It was a slow song to write because I wasn’t sure where to go next and I think what makes her interesting as a character is that she hasn’t figured it all out, she’s just realising that something’s fucked up. She has a sense of her power – the remembrance of being a little kid that wants something. And I like that she was at that place in her story.

Is Hadestown going to be licensed out as an opera?

Yeah we’re working on it. It’s been kind of crazy. Originally the show began as a theatre show. Totally DIY – we did it in Vermont and it was all friends of ours who put it on. And then the record came out and the whole thing moved into concert world because we were touring and that was an audio show – no-one was dressed up or anything. So we really want to put it on again. It killed me because people have heard the record and they’re like, ‘Oh I’d love to put this on at my university,’ or something. And we’re like, ‘Can you wait a year?’ because we’re hoping to mount it ourselves again and then publish it. We’re working with someone in L.A. on developing that.

Will you play Euridyce?

I don’t think so, I’m not a great actor! I think it deserves someone who could really physically embody the character. That’s what we’re shooting for. But I am working on a couple more songs for it.

What gaps are you filling with those songs?

It’s funny to talk about… but I think, on the recording, the first act is really energetic then the second act descends into this slow dark place – and that’s kind of necessary, but also I sort of want there to be a moment of lift and redemption. And there’s a couple of other things like the Persephone character is such an interesting character, but she doesn’t really appear ’til halfway through the show and so giving her a little more back story. Some stuff like that… I’ll try not to fuck it up!

Your writing is really characterful. Do you write short stories or novels or poetry as well?

I wish I did. I mean Hadestown was really an education in that storytelling in that it has multiple characters and they all interact with each other and the arc of what a story can be. I definitely want to do more stuff like that – more operas and things.

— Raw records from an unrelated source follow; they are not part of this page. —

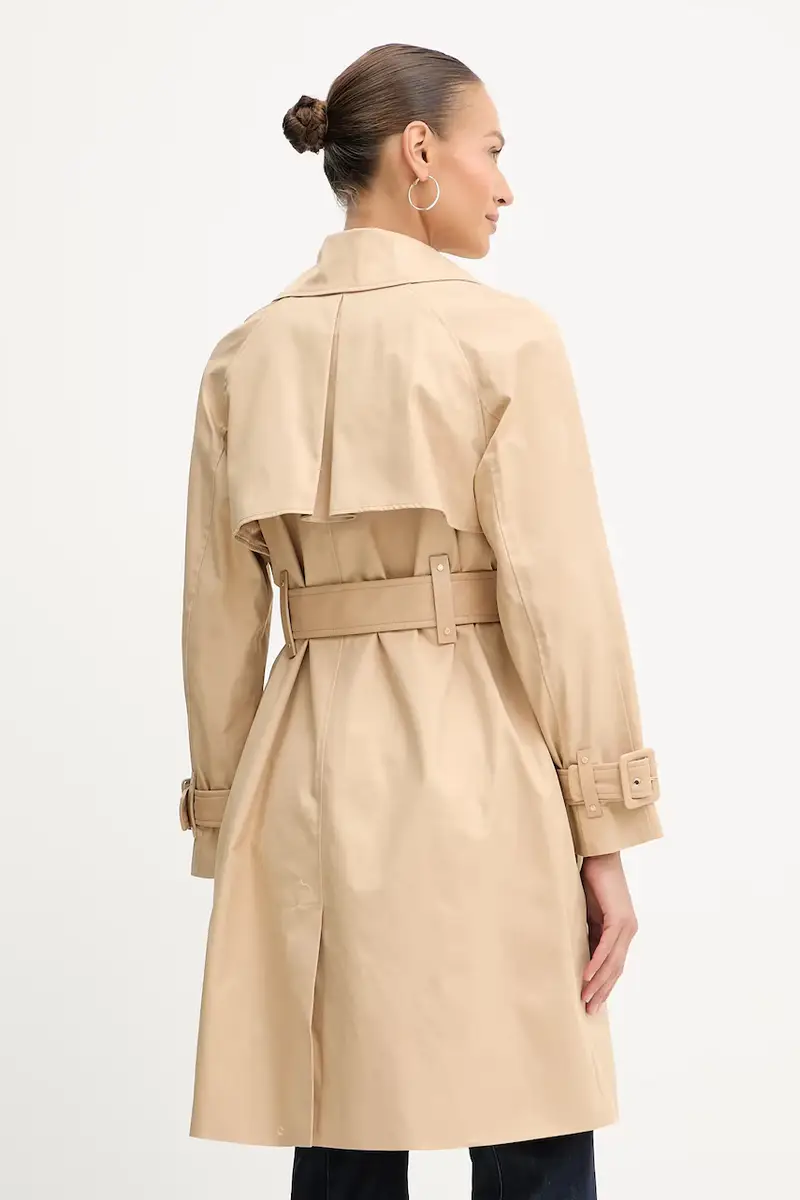 trench RAPHAELLE colore beige W5YL02 WHDF1 miniatura 3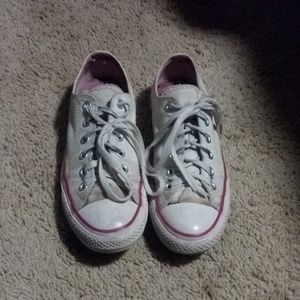 White ty dye converse 🔥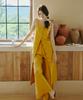 Ondeumismieo Zulu Long Pants - Yellow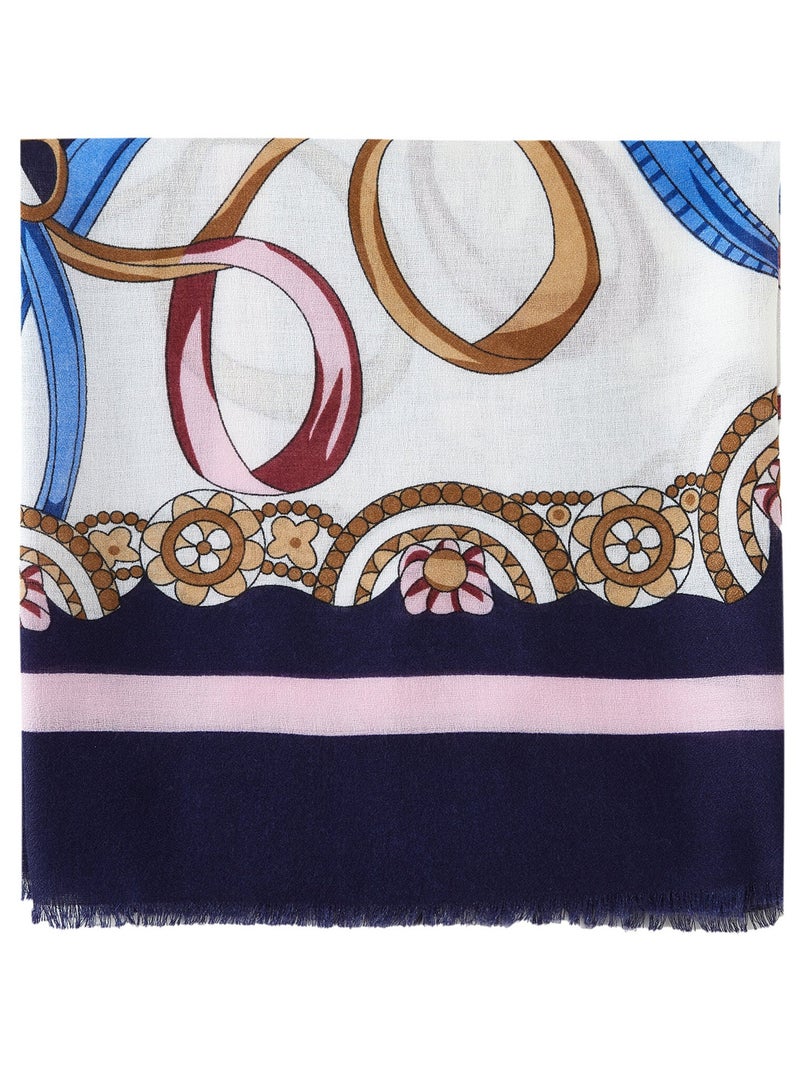 Chèche Belts Bleu - Kiabi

I’ve always loved that tradition of storytelling even just in individual songs. I love English and Scottish and Irish folk ballads – long ones with many verses, eight minutes long or whatever. That scene exists in the States too with a certain kind of songwriting that’s very narrative. I’ve always just been drawn to that – what kind of story you could tell.

A couple of years ago when we interviewed you, you mentioned you were working on an album of British Folk songs with Jefferson Hamer…

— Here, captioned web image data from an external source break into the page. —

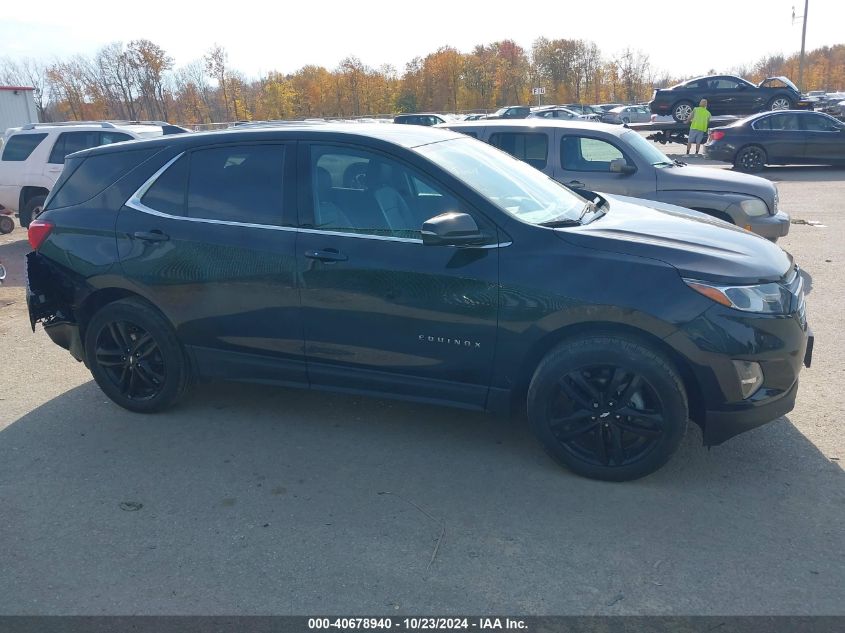 2020 Chevrolet Equinox Awd Lt 1.5L Turbo VIN: 2GNAXUEV7L6124734 Lot: 40678940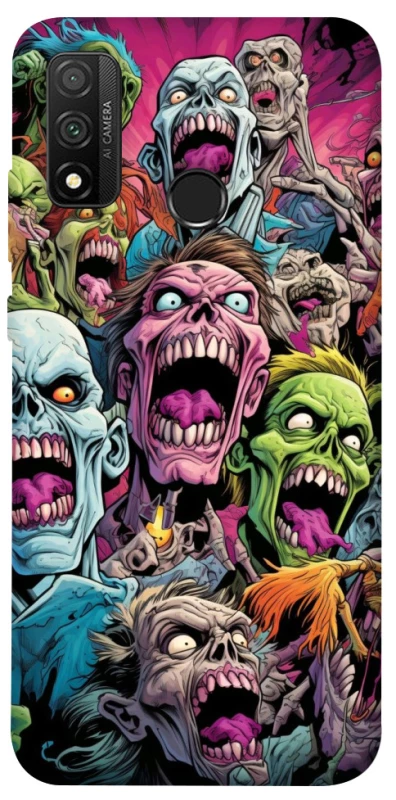 Чохол на Huawei P Smart (2020) Zombie фото 1 з 1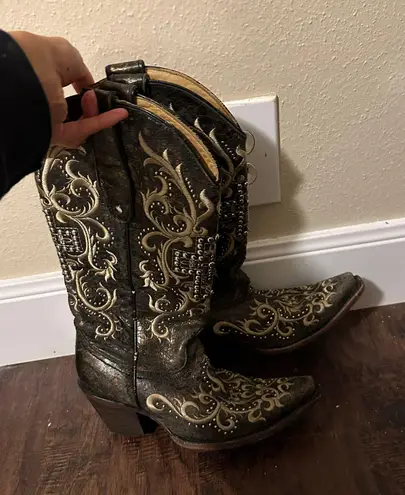 Cowgirl / Cowboy Boots Brown Size 7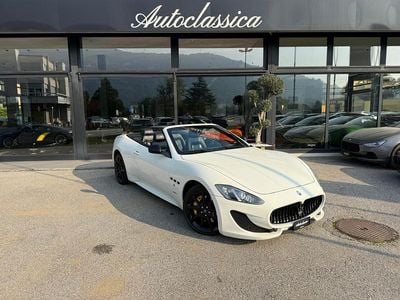 Gebraucht 2013 Maserati GranCabrio | CHF 48’900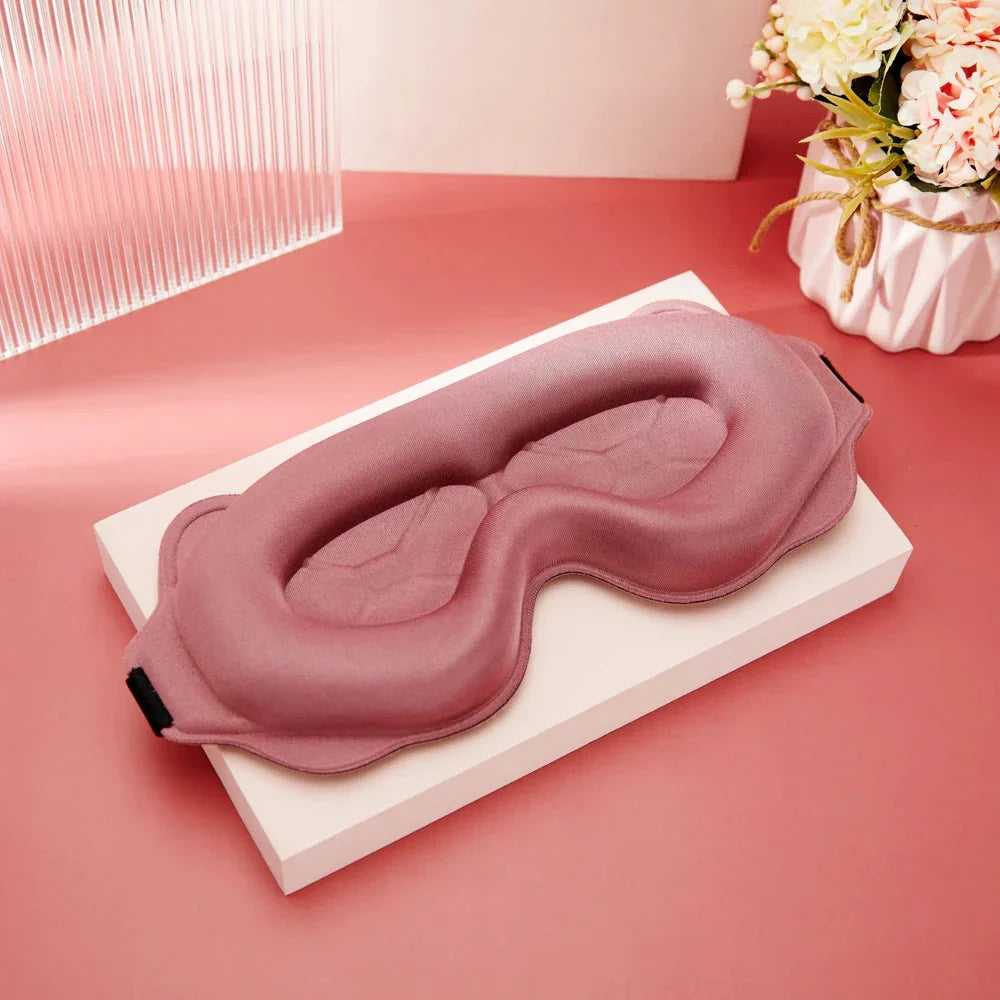 😴 3D Memory Foam Sleep Mask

I just saw Jefferson last week we played one of our ballads at the Cambridge Folk Festival.

I love coming to England and I love singing those English songs because the language is so exotic for me. But it is English. There’s this crazy longing to be the other thing and there’s this exoticness and romance in the kind of words people use over here. Of course we understand them because it’s English but it feels so different from the way people talk in the States.

That record should come out in February, I’m hoping. But it’s really interesting as an American – and with Jefferson, we really co-arranged everything. We sat there and line-by-line we’d decide – maybe we would choose a line from a version that we really loved or maybe if the line didn’t seem to be in any of the versions we would make it up but we would try really hard to stay consistent with the style of the song.

There were certain words that seemed hard to pull off as an American. So like ‘mantle’ is a very beautiful word or ‘bower’ there’s a lot of words but sometimes you just can’t replace them because the poetry is so good. But it would be great if Americans could listen to those stories and comprehend them in real time, you know – not have to get out the books. So that’s the line we’re walking.

Were you educated by your parents about folk music?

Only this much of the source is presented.